オンリーワンの仕事をする

朝から雨。台風2号が来ているらしい。

この1週間、朝起きても疲労が回復していないのだが、肝機能が低下しているのだろうか。う〜む。

NAIST の図書館にあった「オンリーワンに生きる--野依良治教授・ノーベル賞への道」(読売新聞中部社会部)を読む。

オンリーワンに生きる―野依良治教授・ノーベル賞への道

オンリーワンに生きる―野依良治教授・ノーベル賞への道

最初「なんで中部社会部なんだろう?」と思ったが、名古屋大学だから中部だった。なるほど。
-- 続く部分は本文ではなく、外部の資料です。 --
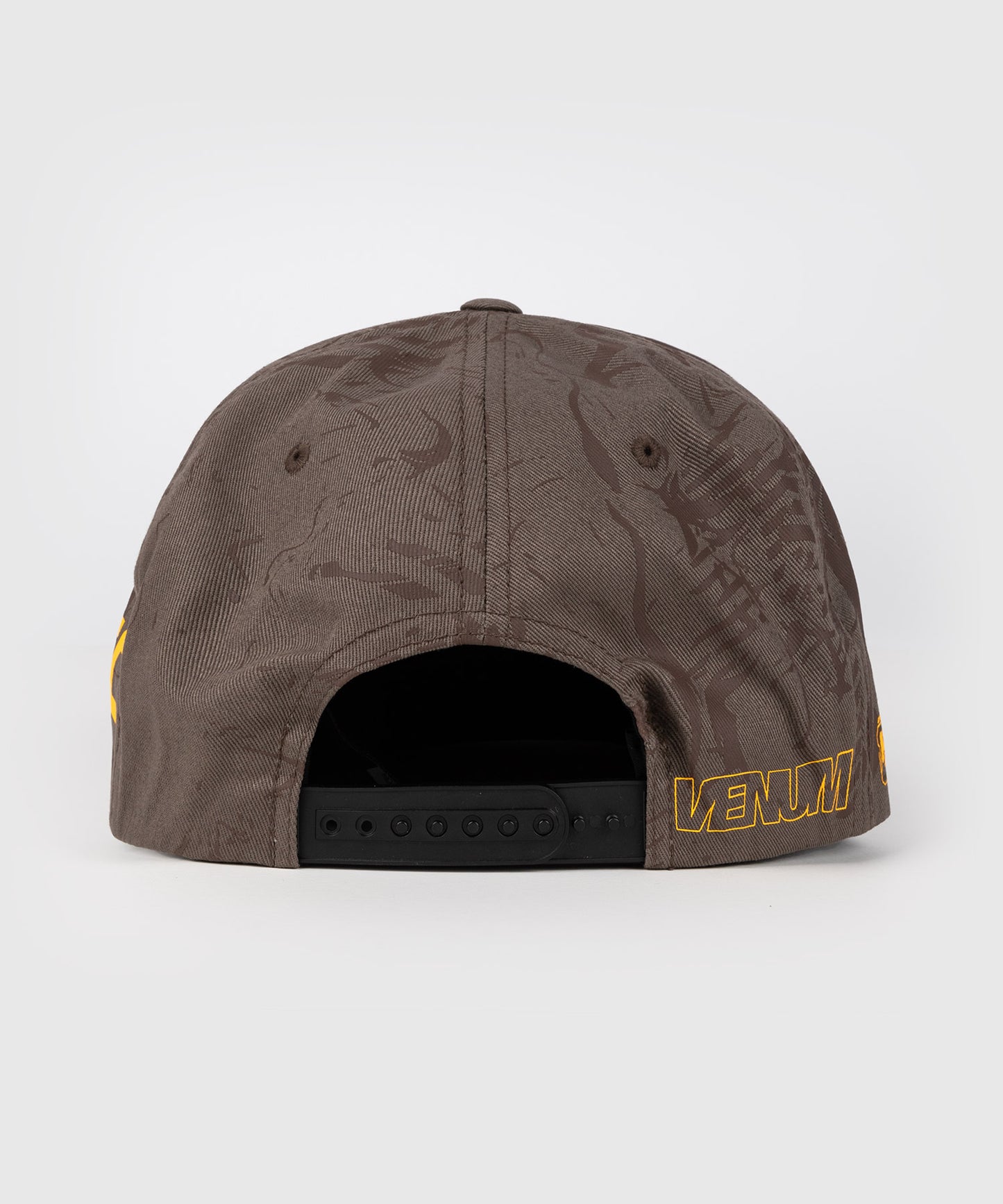 UFC Fusion by Venum Fight Week Baseball Cap - Terrestrial Brown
ときどき数行書かれている「野依教授の一言」はないほうがいいと思うが、元々読売新聞に連載されていた記事がベースになっているので、本文は平易に書かれているし、人間模様も分かっておもしろい。京大から名古屋大の助教授に大抜擢されたとき、名古屋大学に移った直後アメリカに留学することが決まっていて、着任直後穴を開けるのを気にしていたら「どうせ京都に戻ってくるのだから、別にいいじゃないですか」と言われ、「そんな恩知らずなことはできない」と激怒した話とか、教授になるとき京都大学での上司から「研究室の立ち上げのときは優秀な人材が必要だ。誰でも連れていきたい人を連れていきなさい」と言われて助手やら院生やらを連れて移籍したという話とか、大学における研究者の生き方について考えさせられる。
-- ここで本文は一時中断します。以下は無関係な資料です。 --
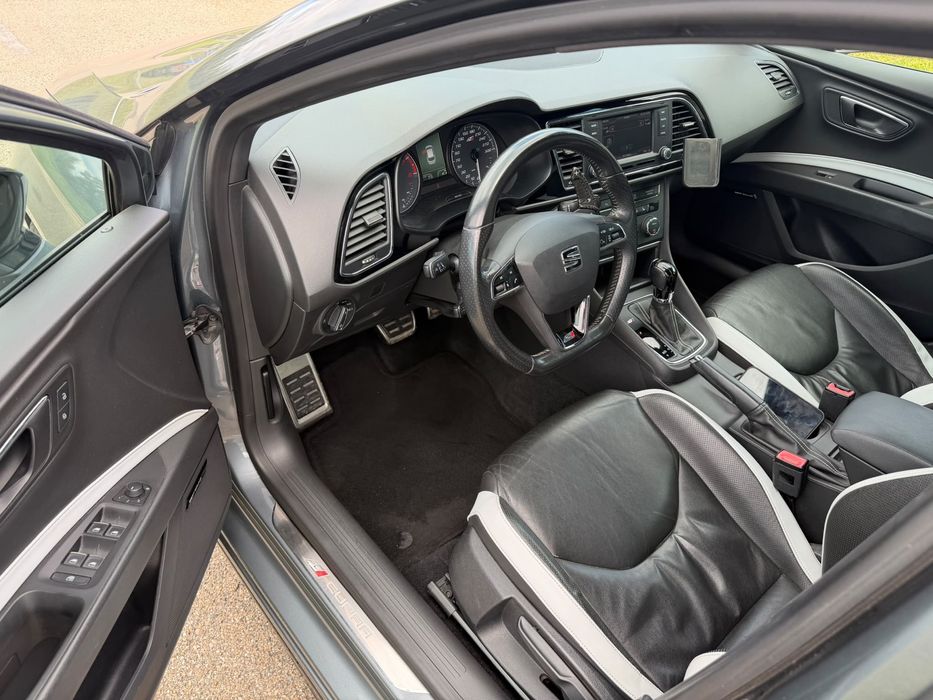 Seat leon cupra 2016 400cp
あと、前半部分はそういう形で野依教授の半生記なのだが、後半1/3の息子さんによる手記もおもしろい。息子が読売新聞の記者で、実はノーベル賞の受賞会見のとき最初質問したのは息子さんだったとか、子どものころから化学をしようと思っていたのにどうしても大学受験がうまく行かず文系に進み、そのとき親に相談したら「好きなようにしなさい」と言われたのだが、あとで親が別のところで書いた文章で「息子には化学以外の道を進ませた。化学に進むとどこまで行っても "野依の息子だ" と言われてプレッシャーを感じてしまうだろうから、これでよかったと思う」と書いてあるのを見つけたとか、なるほどな〜と。(息子は自分で考えて親に許可をもらったつもりなのに、親からすると「進ませた」ということになっているのとか、認識が食い違っているが(笑))
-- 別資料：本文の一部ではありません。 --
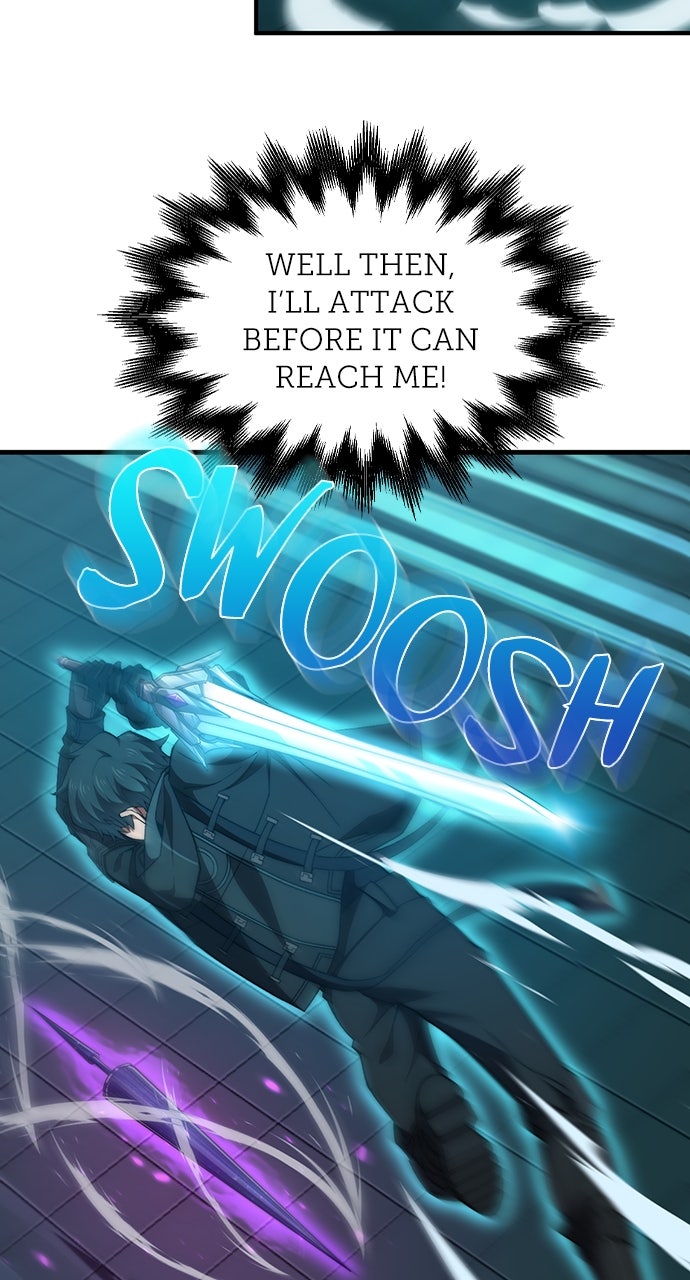 Zero0: A Space-Time Mage Episode 54 page 5 -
「野依教授の一言」で確かにそうだと思ったのは、東大はナンバーワンを目指し、京大はオンリーワンを目指す、ナンバーワンは誰かと比較して自分のほうが優れているという研究だが、それより君たちは誰にも真似できないオンリーワンの研究を目指してほしい、という話。自分もオンリーワンの研究をしたいものである。